In a letter to the top civil servant in the Department of Health, representatives of Sinn Féin, the DUP, Alliance Party, UUP and SDLP said that despite saving Northern Ireland’s health service billions of pounds in care costs each year, many of the 220,000 people looking after sick or disabled family members here are living lives “defined by ill-health, extreme pressure, hardship and lost opportunities.”
The letter called for a cross-departmental strategy to address the challenges unpaid carers face in the spheres of health and social care, welfare, housing and employment.
Carers Week runs from 5-11 June 2023 across the UK and aims to raise awareness of the challenges facing unpaid carers and highlight the contribution they make to society. Carers NI estimates that unpaid carers save Northern Ireland’s health service over £4.5bn in care costs per year.
Craig Harrison, Chair of the Coalition of Carers Organisations Northern Ireland and the author of the report, said: “We’ve spoken to hundreds of unpaid carers from a wide range of ages and circumstances, and the all-too-common experience is of being badly let down by Stormont and public services.

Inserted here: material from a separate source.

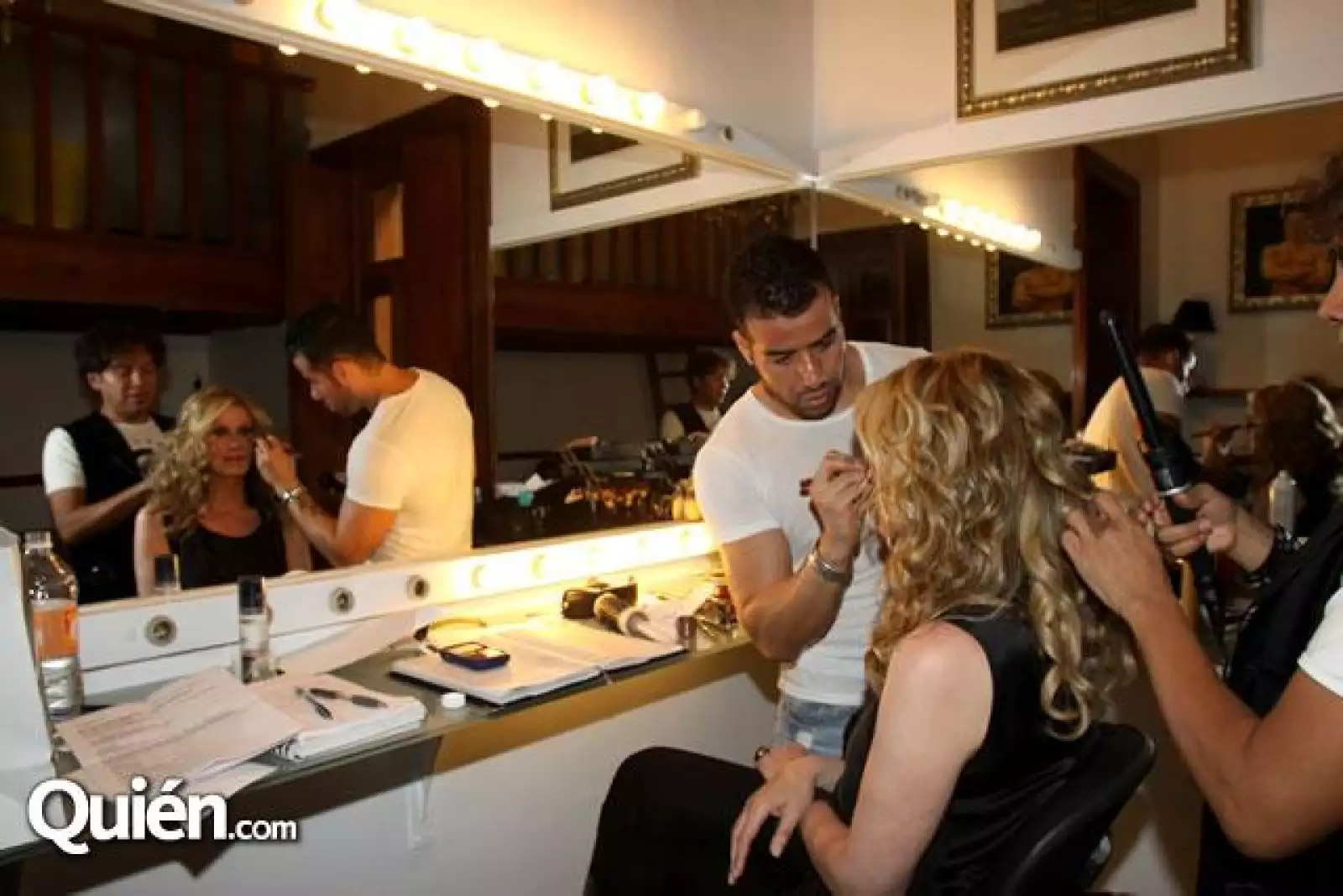 Rebecca de Alba Saks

“They’re expected to quietly prop up the health and social care system with little-to-no support – forced to beg for help and plead for even basic things like the chance of a break or access to a care package to make their life easier.
“It should never be the case that an unpaid carer has to reach a major crisis point before they’re offered a bit of respite, but that is the reality facing some of our carers today.”
Mr Harrison added: “We’re talking about a population of people who save the public purse billions-of-pounds per year. They give so much, and shouldn’t be asked to sacrifice their own wellbeing, live in poverty and forgo any sort of quality of life in return.
“Our unpaid carers need a New Deal from Stormont to get to grips with the challenges they face and deliver the support they desperately need, not just in the realm of health and social care, but in welfare, housing, employment and beyond.”